A human and Christian response to the migration crisis
The Pope also spoke about the current migration crisis.
“The migration drama in Europe today is extremely serious, extremely serious. And it cannot be solved by a mutual aid society, no. Here there is a humanistic and Christian question. Here there is a humanistic issue and a political decision, there are decisions that are human and Christian.”
“I ask you,” the Pope told the rectors, “out of respect for suffering humanity, to address this issue in your universities, but with the human density that it has. “So in summary I say this to you: migrants must be welcomed, accompanied, promoted and integrated. If we fail to integrate the migrant, we fail,” he added.
“I want to say all this about migrants because the problem of migrants is very close to my heart,” the Pope said again. He went on to say that “it is criminal what is being done today, here in Europe, sending them back, it is criminal.
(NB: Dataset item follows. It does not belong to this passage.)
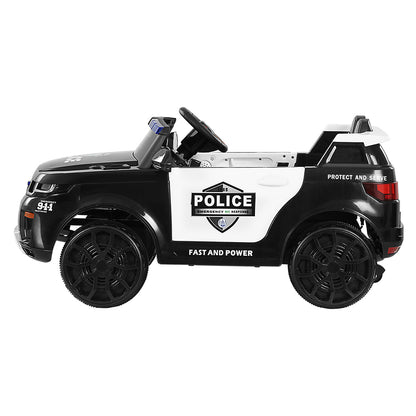 Amsham Kids Electric Police car - Black (12V)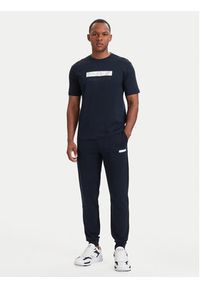 EA7 Emporio Armani T-Shirt 7M002415 AF10375 MB149 Granatowy Regular Fit. Kolor: niebieski. Materiał: bawełna #3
And I don’t want to use euphemisms, I tell it like it is.”
The three human languages: head, heart and hands
After reviewing all these situations, the Pope reminded that the task of universities should not be only to “teach things.” “You must train boys and girls in the three human languages, that of the head, that of the heart and that of the hands.
“So that they learn to think what they feel and what they do, to feel what they do and what they think, and to do what they feel and what they think.” Finally, he thanked those present and summed up his words by calling on universities to be: “creative in the face of reality and challenges, educators and not just dispensers of information.”